The Epson software has a number of options, as does separately purchased software to automatically do dust removal and color correction.  Sometimes it works great, sometimes, not so great.  The big thing with automatic dust removal is the 'radius' (in pixels) it needs to consider.  The larger the radius, the more 'softening' of focus in the result.  For that reason, I set the dust&scratches option to 1 pixel.  The rest I cleaned up mostly in Lightroom using the 'heal function'.  I also set the white balance and did color correction in Lightroom.  However, for larger dust or scratches, the heal function would get confused, so I left the 'big ones' to fix in Photoshop Elements using the clone feature...It's much more accurate.  A fair number of my friends' slides had mold on them as well.  Some were so bad that I did what I could with peoples' faces and just let the rest of the mold stay in the image.  

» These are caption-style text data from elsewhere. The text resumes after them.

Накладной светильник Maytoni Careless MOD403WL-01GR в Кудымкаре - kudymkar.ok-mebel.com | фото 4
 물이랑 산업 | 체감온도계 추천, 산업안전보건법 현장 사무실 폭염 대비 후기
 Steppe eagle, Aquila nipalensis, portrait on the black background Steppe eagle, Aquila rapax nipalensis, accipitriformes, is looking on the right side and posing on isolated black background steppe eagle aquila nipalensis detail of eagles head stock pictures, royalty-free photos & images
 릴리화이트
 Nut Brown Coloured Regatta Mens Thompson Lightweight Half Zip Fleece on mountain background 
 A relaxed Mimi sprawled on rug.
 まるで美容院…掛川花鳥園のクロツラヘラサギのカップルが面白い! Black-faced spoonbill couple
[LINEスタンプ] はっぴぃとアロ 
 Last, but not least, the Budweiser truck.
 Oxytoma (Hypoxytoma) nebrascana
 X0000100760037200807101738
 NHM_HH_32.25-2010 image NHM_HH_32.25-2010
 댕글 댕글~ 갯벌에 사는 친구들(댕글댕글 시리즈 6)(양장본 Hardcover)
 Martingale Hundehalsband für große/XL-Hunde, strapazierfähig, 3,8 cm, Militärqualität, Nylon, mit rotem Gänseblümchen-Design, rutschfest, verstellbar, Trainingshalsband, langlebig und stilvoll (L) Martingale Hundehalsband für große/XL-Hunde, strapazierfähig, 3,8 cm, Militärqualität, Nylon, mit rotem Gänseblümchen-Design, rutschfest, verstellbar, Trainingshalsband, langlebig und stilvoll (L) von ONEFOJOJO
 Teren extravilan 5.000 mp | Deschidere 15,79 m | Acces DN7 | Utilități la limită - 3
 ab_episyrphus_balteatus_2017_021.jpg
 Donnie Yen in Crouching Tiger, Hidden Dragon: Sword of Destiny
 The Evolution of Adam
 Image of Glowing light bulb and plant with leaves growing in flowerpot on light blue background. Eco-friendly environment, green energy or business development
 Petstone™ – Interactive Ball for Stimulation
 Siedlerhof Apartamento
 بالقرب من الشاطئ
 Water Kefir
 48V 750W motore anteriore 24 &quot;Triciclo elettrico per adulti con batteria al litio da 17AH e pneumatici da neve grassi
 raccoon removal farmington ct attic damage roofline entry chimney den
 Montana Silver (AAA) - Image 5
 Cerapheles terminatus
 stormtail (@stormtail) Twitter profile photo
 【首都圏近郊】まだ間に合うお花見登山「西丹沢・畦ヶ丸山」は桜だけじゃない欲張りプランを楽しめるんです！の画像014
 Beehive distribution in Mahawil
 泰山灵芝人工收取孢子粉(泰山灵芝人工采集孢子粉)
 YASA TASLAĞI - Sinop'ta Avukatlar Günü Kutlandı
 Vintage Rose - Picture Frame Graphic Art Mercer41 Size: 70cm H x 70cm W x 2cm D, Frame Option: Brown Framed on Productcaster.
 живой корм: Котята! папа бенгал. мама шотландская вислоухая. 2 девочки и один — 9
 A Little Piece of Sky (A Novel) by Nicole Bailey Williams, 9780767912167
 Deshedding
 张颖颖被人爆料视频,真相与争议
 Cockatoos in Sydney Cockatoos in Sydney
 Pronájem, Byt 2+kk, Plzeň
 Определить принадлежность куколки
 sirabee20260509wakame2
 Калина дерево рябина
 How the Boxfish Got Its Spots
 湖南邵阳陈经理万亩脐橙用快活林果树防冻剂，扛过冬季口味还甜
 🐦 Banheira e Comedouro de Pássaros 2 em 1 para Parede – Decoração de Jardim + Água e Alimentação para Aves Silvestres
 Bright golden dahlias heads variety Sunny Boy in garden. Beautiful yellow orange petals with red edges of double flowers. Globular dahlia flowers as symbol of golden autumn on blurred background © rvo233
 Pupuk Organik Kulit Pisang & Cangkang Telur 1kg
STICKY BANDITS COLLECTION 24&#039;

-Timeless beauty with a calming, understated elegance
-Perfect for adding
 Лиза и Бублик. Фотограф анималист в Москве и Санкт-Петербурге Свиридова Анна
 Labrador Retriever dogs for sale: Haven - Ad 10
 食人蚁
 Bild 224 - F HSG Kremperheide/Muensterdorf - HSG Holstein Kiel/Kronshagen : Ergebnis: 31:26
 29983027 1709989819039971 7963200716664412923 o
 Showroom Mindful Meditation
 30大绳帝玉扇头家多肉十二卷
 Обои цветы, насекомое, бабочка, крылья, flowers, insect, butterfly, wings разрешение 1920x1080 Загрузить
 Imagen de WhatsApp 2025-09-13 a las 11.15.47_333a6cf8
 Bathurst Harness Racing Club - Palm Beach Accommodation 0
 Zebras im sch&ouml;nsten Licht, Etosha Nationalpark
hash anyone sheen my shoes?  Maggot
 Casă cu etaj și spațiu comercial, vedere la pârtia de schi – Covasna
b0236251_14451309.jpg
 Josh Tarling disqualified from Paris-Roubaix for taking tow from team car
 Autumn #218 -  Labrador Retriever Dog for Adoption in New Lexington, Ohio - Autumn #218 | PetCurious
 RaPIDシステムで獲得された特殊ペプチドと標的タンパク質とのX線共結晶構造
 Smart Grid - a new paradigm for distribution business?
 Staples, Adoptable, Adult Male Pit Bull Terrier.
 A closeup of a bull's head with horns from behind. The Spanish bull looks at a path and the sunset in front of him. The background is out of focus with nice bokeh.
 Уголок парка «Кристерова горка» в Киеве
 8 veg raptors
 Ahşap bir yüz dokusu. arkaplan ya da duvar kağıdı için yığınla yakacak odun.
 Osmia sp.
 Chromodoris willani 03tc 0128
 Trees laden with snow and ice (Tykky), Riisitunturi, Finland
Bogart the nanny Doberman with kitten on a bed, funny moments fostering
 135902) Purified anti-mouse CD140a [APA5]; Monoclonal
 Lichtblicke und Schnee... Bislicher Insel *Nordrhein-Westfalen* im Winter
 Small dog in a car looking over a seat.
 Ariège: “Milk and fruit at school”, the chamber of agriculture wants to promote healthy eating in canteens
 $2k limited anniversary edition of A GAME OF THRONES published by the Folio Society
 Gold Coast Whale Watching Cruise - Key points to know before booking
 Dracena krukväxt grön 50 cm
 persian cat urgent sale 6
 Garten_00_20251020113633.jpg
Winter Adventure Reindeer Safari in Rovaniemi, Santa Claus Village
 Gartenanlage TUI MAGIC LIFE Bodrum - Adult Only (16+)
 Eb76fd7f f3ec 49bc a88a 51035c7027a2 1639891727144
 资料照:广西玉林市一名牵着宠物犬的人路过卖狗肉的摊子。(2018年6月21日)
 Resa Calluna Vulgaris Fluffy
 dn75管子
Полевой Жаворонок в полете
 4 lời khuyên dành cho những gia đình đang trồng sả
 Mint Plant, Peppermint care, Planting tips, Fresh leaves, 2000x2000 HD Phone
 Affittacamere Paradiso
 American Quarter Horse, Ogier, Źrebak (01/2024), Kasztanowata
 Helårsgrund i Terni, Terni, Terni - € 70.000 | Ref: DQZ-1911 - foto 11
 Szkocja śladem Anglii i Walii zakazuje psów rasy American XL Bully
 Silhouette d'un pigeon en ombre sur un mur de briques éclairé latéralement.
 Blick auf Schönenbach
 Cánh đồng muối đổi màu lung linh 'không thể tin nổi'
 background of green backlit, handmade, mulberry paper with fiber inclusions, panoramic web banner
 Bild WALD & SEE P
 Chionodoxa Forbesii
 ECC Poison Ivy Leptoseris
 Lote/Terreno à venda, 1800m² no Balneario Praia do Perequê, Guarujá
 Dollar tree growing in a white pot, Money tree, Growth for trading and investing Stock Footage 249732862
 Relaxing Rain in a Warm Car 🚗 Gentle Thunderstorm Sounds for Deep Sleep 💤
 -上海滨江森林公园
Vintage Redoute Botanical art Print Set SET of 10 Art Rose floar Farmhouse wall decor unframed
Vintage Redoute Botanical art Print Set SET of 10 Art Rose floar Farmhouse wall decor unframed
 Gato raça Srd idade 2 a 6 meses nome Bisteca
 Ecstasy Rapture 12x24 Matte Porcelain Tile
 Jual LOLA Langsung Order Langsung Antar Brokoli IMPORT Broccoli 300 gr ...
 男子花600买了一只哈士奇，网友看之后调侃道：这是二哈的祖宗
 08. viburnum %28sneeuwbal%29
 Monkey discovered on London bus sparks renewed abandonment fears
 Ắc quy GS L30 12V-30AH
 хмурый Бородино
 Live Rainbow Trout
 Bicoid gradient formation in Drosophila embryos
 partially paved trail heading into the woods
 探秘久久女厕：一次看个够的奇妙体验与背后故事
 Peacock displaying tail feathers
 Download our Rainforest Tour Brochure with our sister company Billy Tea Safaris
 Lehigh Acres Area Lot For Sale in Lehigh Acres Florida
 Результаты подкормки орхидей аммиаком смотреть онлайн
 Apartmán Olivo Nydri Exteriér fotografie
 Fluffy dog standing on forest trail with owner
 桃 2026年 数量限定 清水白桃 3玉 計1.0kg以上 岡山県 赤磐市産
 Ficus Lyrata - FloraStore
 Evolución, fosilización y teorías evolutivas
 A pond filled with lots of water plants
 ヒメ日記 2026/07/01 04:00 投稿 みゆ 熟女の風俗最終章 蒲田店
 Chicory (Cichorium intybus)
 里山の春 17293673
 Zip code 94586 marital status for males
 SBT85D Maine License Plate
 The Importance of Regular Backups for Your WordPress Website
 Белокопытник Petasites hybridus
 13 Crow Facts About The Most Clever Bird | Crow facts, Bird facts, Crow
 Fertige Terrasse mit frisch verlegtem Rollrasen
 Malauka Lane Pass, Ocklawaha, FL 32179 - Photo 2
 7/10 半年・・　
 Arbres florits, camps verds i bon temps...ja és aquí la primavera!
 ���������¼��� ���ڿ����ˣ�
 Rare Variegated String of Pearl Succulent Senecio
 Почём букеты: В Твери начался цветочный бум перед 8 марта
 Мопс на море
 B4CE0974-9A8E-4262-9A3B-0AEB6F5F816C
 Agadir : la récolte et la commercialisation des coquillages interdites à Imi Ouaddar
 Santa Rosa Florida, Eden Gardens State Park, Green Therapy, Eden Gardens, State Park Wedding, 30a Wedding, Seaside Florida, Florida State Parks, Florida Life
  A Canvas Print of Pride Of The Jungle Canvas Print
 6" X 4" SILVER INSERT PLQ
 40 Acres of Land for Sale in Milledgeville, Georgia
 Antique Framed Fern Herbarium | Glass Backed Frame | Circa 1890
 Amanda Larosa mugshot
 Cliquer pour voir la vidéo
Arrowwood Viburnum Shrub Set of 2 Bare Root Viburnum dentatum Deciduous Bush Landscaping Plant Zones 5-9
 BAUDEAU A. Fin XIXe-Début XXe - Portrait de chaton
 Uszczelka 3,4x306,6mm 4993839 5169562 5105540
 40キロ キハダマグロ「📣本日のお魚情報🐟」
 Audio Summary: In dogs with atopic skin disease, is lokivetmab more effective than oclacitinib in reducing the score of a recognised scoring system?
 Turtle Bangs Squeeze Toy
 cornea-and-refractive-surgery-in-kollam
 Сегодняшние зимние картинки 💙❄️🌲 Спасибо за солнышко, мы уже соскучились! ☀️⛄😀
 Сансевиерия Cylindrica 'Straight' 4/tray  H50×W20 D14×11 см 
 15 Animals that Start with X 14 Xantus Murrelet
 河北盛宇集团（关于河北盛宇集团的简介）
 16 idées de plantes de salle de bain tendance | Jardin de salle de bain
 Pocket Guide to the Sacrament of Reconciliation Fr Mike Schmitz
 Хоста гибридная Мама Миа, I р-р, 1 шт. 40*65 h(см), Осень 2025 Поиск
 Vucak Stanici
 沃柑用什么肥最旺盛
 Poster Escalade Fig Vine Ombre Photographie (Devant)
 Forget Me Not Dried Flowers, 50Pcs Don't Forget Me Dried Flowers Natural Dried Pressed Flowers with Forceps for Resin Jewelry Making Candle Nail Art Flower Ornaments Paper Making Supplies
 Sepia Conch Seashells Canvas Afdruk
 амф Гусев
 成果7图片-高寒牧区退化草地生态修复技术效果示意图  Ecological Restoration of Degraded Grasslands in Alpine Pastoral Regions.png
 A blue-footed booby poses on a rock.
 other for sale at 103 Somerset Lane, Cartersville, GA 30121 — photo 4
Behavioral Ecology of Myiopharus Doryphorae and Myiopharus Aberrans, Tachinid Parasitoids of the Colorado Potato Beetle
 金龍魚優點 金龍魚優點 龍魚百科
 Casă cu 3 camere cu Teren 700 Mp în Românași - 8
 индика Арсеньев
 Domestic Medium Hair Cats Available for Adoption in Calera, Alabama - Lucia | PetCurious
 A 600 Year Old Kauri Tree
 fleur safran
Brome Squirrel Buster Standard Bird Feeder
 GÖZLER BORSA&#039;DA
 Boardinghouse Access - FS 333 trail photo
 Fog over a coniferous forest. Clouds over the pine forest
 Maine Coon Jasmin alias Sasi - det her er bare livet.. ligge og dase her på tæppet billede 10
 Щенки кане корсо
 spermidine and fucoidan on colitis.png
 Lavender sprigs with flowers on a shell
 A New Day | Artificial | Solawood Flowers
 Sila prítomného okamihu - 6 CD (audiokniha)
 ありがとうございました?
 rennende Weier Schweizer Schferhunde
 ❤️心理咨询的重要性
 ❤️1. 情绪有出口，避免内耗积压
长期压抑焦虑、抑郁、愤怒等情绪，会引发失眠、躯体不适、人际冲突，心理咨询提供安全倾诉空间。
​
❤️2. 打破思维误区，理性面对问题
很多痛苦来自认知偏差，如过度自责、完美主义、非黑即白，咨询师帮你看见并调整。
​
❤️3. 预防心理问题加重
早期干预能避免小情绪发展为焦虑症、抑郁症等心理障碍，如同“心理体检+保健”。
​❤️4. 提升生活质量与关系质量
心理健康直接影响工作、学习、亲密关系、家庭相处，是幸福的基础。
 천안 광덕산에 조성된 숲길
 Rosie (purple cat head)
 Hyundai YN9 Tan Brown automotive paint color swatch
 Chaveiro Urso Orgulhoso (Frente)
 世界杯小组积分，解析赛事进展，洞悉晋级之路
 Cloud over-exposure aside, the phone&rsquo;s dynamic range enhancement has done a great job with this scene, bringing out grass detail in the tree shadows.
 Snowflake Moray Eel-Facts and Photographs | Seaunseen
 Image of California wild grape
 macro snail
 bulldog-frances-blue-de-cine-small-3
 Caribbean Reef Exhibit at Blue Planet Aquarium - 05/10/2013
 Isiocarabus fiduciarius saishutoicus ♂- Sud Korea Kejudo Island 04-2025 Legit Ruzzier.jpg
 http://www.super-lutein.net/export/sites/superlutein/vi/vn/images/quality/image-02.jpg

Perhaps the biggest surprise I had from all this is the per-slide processing time.  If it were as simple as brush them off, scan them, and save them, that alone would total a minute or so per picture (the scanner does 4 at a time).  I generally limited myself to 2 minutes or so per slide of Lightroom processing.  However, what I perceived as 'very important' family pictures (her parents wedding shots, especially, as well as wedding shots of all their children), I spent 5-10 minutes EACH processing those to get the best I could.

I also discovered that sufficient  computer 'horsepower' is a necessity.  I started out using my 4.1ghz quad-processor computer and that produced 1-2 second response time for each click of the mouse in Lightroom & Photoshop Elements.  Having lots of RAM (I have 16gb) also speeds things up considerably.

In the end, I tried a number of editing 'tricks' I never attempted previously.  At the same time, I did a lot of production-line tricks such as when seeing a group of shots all from the same position and lighting, I'd do my 'blanket' edits on the first one, then highlight the rest of that group and SYNC them in Lightroom.  That saved a lot of time.  But the trick there is don't SYNC photos you've used the heal function on, as that action gets synchronized too!...so does cropping (mostly for straightening purposes).  Heal, crop, and other non-general edits must be done individually.  One thing for sure, you will become suprisingly more proficient in whatever editing programs you use!

I still haven't found the time to get back to my own scanning though.  Being retired gives me LESS free time that I had while working!


----------



## Designer (Jul 12, 2016)

The_Traveler said:


> Ysarex said:
> 
> 
> > but re-photographing the slides with a digital camera will eventually beat scanning hands down in terms of time.
> ...


If I were to do this method of copying, do I need any special setup, such as a macro lens, for instance?  Can I find instructions in an online video?


----------



## fmw (Jul 17, 2016)

I view my transparencies with a Kodak Carousel projector and a screen.  Really old fashioned. But the best approach may be to acquire a projector and screen.


----------



## 480sparky (Jul 17, 2016)

I finally drug out three generations of slides and set them next to my computer.  It took me about 6 months* of scanning with a Plustek 8200i to get them all scanned and cataloged.  This includes a prescan and minor edits (exposure, composition, color correction). All were scanned at 800 pixels.  Keepers were then rescanned at full resolution (about 35 mp each).

*The 6 months was maybe 3 or 4 hours on the weekends, and an hour every evening... on average.


----------